It is interesting to speculate why the parties said "1/8 of 1/8" rather than "1/64." This, as we see it, is the sole support of the contention that the last "1/8" referred to a 1/8 royalty provided to be paid under the terms of the lenses. A most, effective answer to this argument is to be found in the subsequent provision of the lease to the effect that after the leases should become canceled or forfeited, "an undivided 1/8 of 1/8 of the lease interest and all future rentals," etc., should be owned by the grantees "owning 1/8 of 1/8 of all oil, gas and other minerals," etc. In these provisions the expression "1/8 of 1/8" can mean nothing else than the exact equivalent of 1/64, and at any rate cannot have reference to the particular 1/8 royalty provided in the existing leases.
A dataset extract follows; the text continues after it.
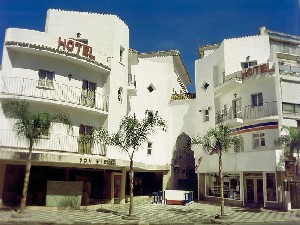 Hotel KRISTAL wakacje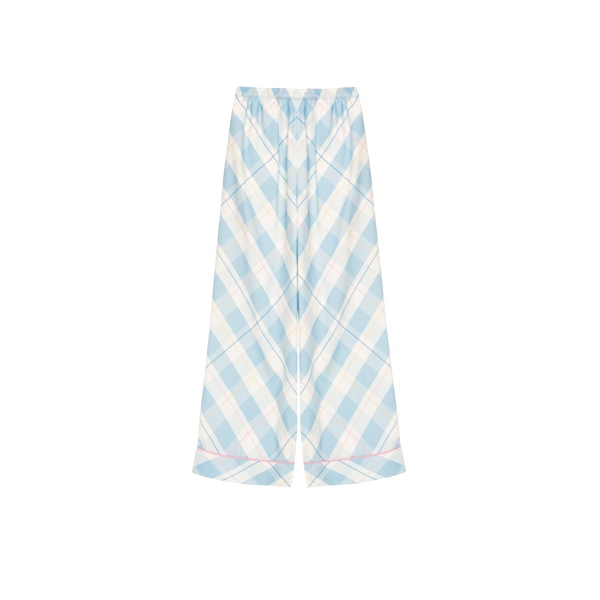 Sleeper trousers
It is not reasonable that "1/8 of 1/8" appearing in the granting clause meant anything different from 1/8 of 1/8 in the provision just quoted, which is certainly used with reference to the estate to exist when there is no lease upon it, and when there is some future lease which, as we well know, may provide a different royalty than 1/8 of the production. Therefore, just as in the case of ascertaining the exact meaning of the word "royalty," it becomes unnecessary for us to determine just why the parties said "1/8 of 1/8" instead of "1/64," since whatever the reason it is made certain from a reading of the entire instrument that the factors, 1/8 of 1/8, were used as meaning the same thing as 1/64.

From this interpretation of the instrument it clearly appears that the judgment of the trial court was erroneous. It correctly adjudges the interest conveyed to be a 1/64 mineral interest, but incorrectly adjudges the plaintiffs to be entitled to 1/8 of the royalties or rentals. The judgment fails to subject the 1/64 mineral interest to the terms of the leases and thereby limit the interest of the grantees in the accumulated royalty proceeds to 1/64 thereof. The tendered fund being the difference between 1/8 of the royalty and 1/64 of the royalty, should, under the terms of the instrument as we have interpreted it, have been adjudged to the appellants.

The motion for rehearing will therefore be granted, our former judgment set aside, and judgment will be rendered for the appellants for $312.19, with the order that same be paid over to them, and for costs, etc., all of which is accordingly so ordered.